En 1959, ce cratère abritait un lac de lave qui a fait jaillir des fontaines de près de six cents mètres dans les airs — brièvement la plus haute fontaine de lave jamais enregistrée à Hawaï. Le sentier descend d’environ cent vingt mètres en lacets à travers la paroi de forêt tropicale, et dès qu’on pose le pied sur le fond du cratère, la température et le silence changent d’un coup. La surface est une vaste plaque de pahoehoe solidifié, craquelée comme un lit de lac asséché, encore tiède par endroits sous les pieds même six décennies plus tard. Des bouches de vapeur sifflent doucement le long du tracé balisé de cairns qui traverse le milieu, assez près pour que je sente la chaleur sur mes chevilles en passant devant l’une d’elles.

Le sentier en lacets descendant à travers la forêt tropicale dans le cratère Kilauea Iki

La vie qui reprend en premier

Ce qui m’a le plus frappé, c’est la vitesse à laquelle la vie avait repris possession du cratère. De jeunes ‘ohi’a lehua, certains hauts comme un genou à peine, percent à travers des fissures dans une roche qui est, géologiquement parlant, encore un nourrisson. Une oie nene a traversé le sentier devant nous avec l’assurance tranquille d’une créature qui possède les lieux, ce qui, honnêtement, est plus vrai pour elle que pour nous. Lia a repéré un groupe de fougères poussant directement d’une fissure d’où s’échappait de la vapeur, prospérant sur une chaleur qui aurait cloqué nos chaussures si nous nous y étions tenus trop longtemps.
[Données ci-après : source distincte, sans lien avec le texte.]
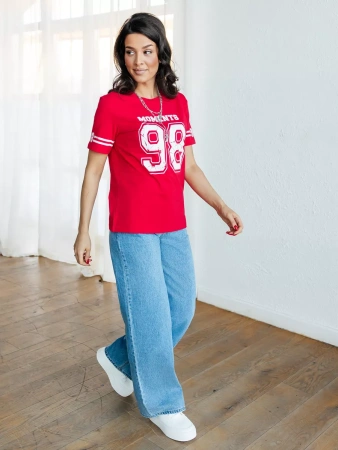 Футболка с принтом цифры больших размеров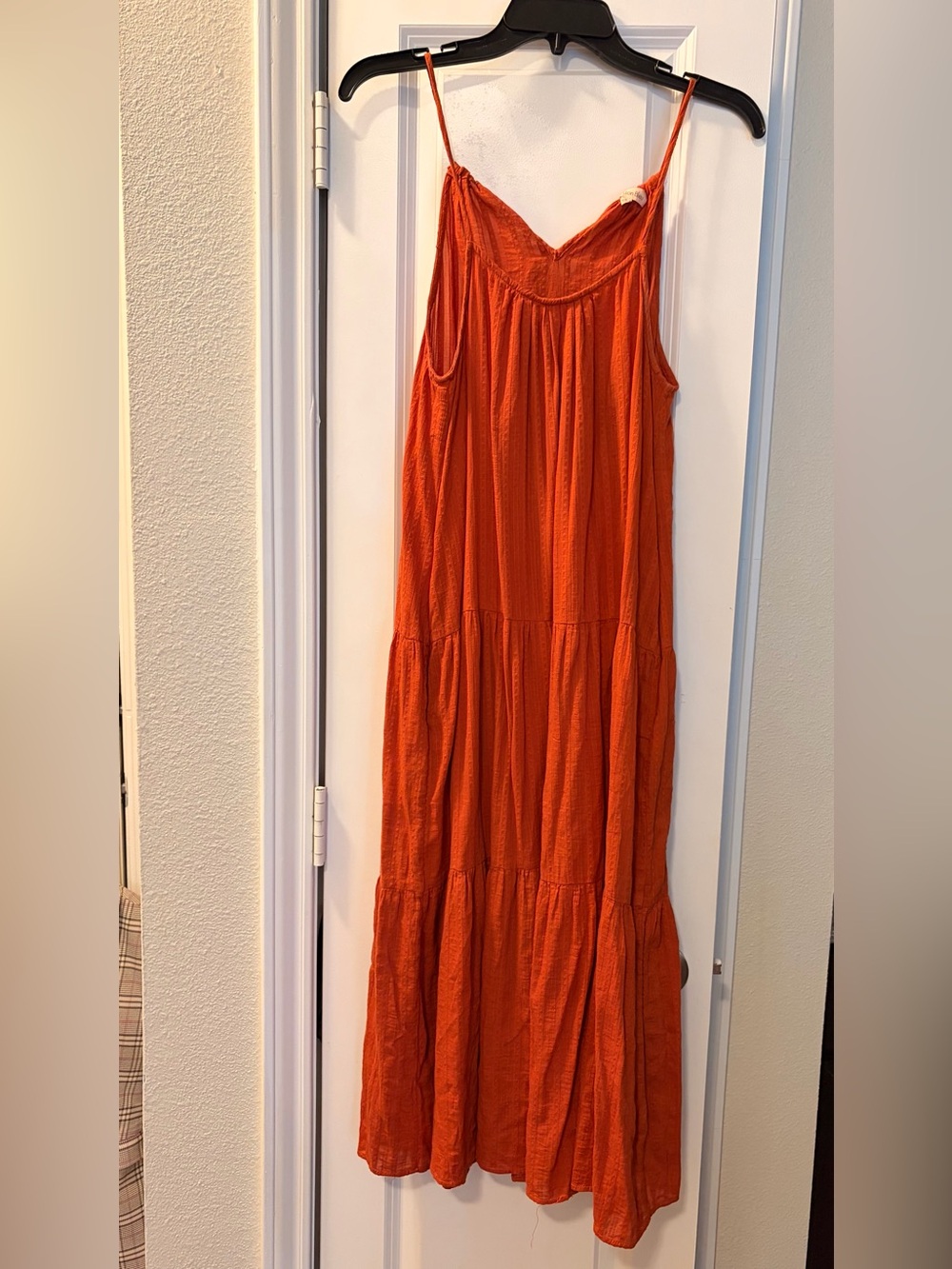 Lightweight Orange Tiered Maxi Dress with Spaghetti Straps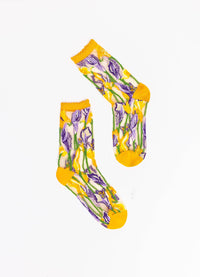 Sock Candy Calla Lily Ruffle Sheer Crew Sock
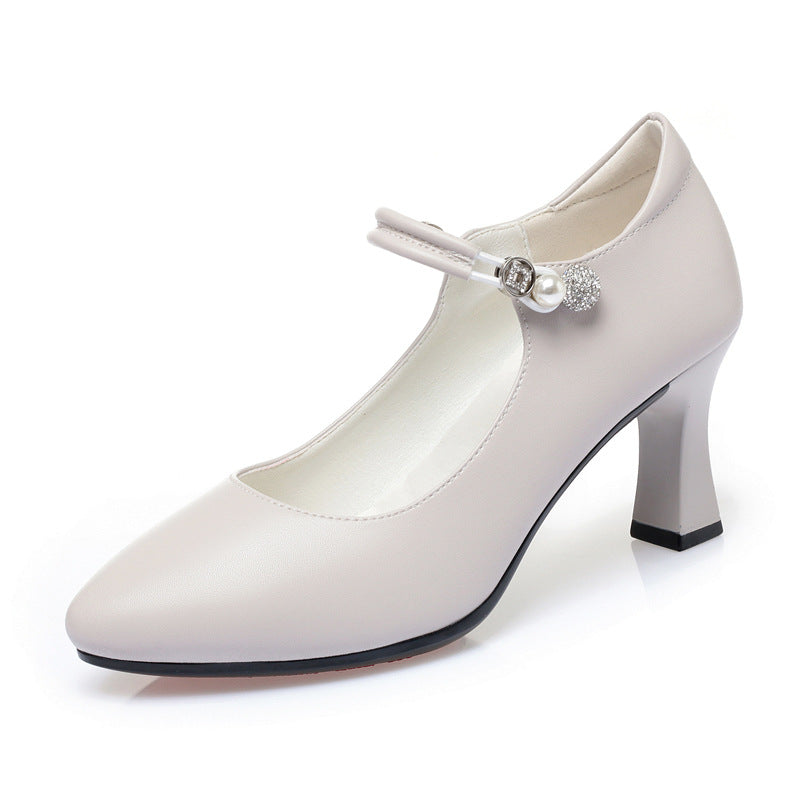 Dam elegant Mary Jane pumps med dekorerade remmar och bekväm blockklack Mirla-Eva Jonsson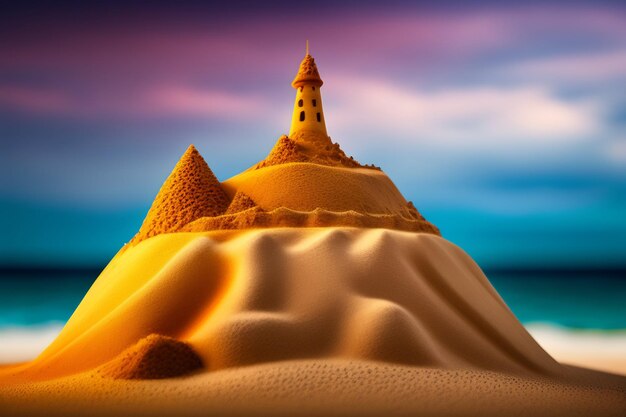 Un castillo de arena con una pirámide en la cima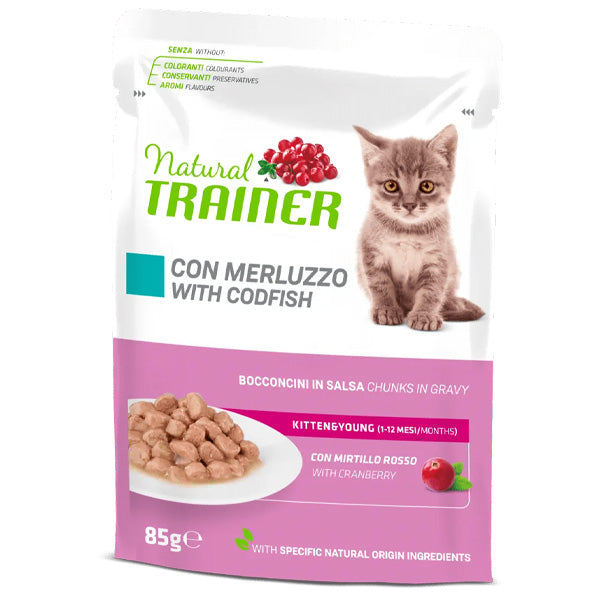 Trainer - Natural Kitten & Young Merluzzo Bocconcini in Salsa
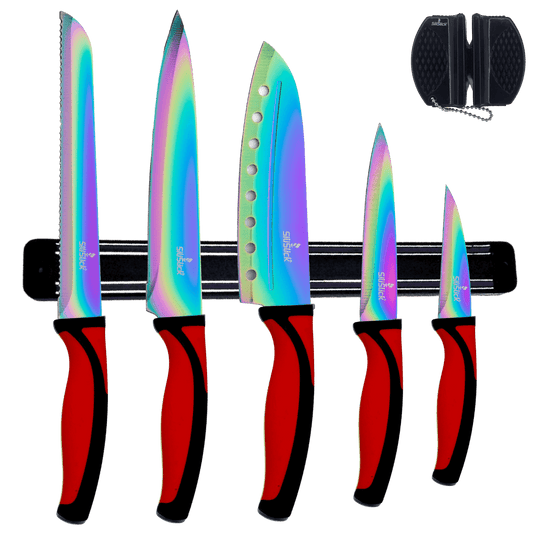 Kitchen Knife Set Kit | Red Handle & Black Magnetic Rack - Univex HubKitchen Knife Set Kit | Red Handle & Black Magnetic Rack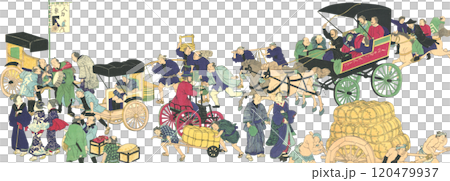 Ukiyo-e illustrations: various cars 120479937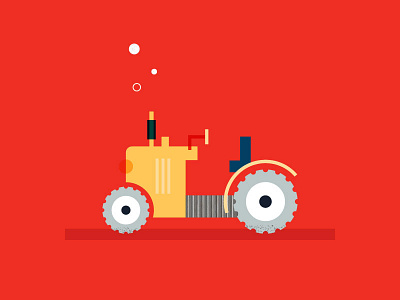 Tractor 2d flat texture tractor vector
Le cratère n’est pas mort. Il se rétablit en temps réel, et on peut assister à ça.

De la vapeur s'échappant d'une bouche dans le sol de lave craquelé du cratère Kilauea Iki, avec de jeunes fougères poussant à proximité

La boucle du belvédère

La boucle complète rejoint le sentier du bord du cratère, offrant une vue vers le bas sur le fond que l’on vient de traverser — une bonne façon d’apprécier l’échelle, car depuis le fond il est impossible de juger de la véritable taille du cratère. Depuis le bord, les minuscules silhouettes des autres randonneurs traversant la plaque paraissent presque absurdes face à la taille de la paroi de la caldeira derrière eux.

Quand y aller : Tôt le matin permet d’éviter à la fois la chaleur sur le fond exposé du cratère et l’essentiel des groupes touristiques. Le sentier est ouvert toute l’année mais peut fermer temporairement en période d’activité volcanique — vérifiez les alertes du parc avant de partir.